◆ **Task description**: Write out exactly the lines below starting at the one containing "34 Gleneva Drive, Gregory River QLD 4800" and ending at the one containing "Ổ SSD 60gb các". Omit every picture.

[Opening Entries provided section]

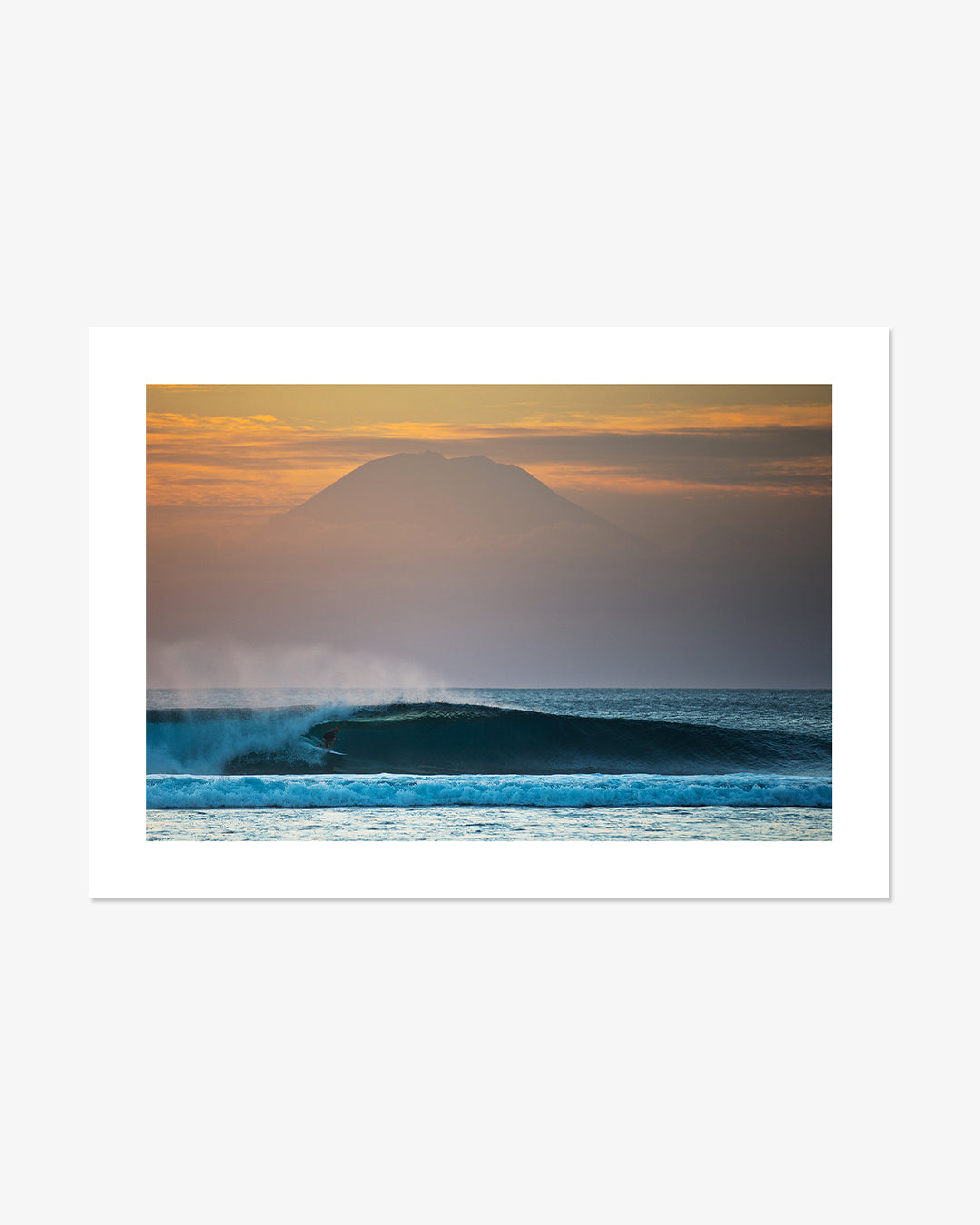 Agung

[Closing Entries provided section]
[Opening Entries provided section]

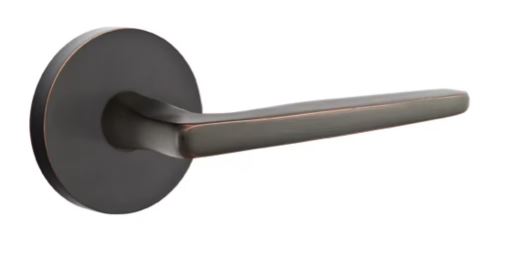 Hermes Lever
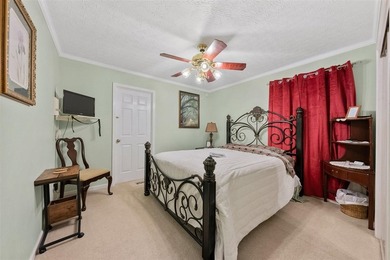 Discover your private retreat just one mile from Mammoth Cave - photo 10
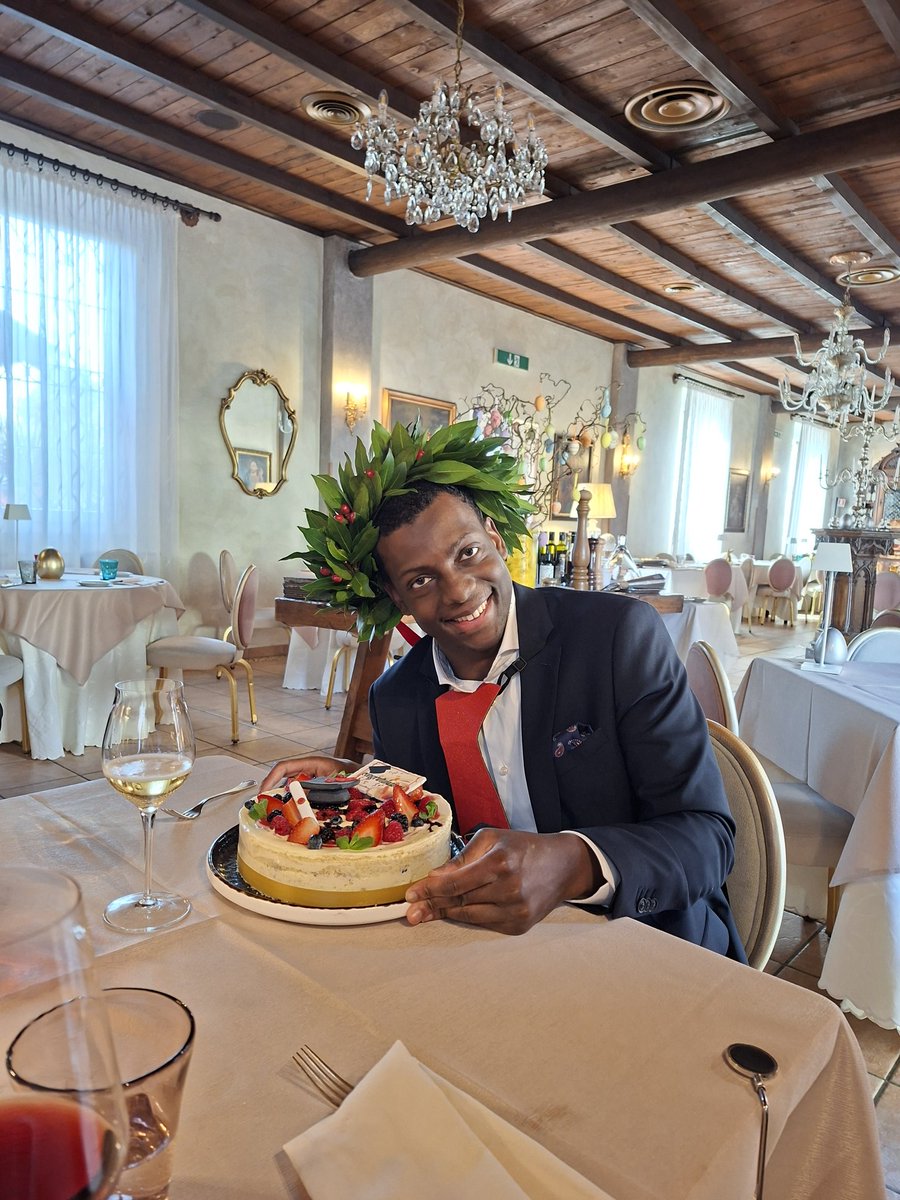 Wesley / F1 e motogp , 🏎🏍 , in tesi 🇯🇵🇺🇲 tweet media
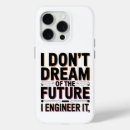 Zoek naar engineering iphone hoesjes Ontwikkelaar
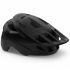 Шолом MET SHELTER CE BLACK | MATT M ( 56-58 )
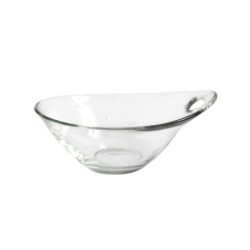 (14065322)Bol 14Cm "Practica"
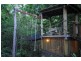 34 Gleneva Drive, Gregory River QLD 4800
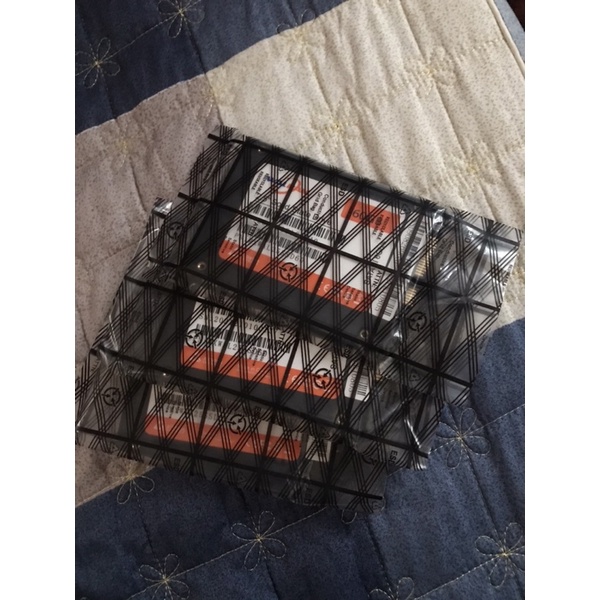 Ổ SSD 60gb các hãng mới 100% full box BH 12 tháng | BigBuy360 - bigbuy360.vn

[Closing Entries provided section]

◆ **Exercise response**:
 34 Gleneva Drive, Gregory River QLD 4800
 Ổ SSD 60gb các hãng mới 100% full box BH 12 tháng | BigBuy360 - bigbuy360.vn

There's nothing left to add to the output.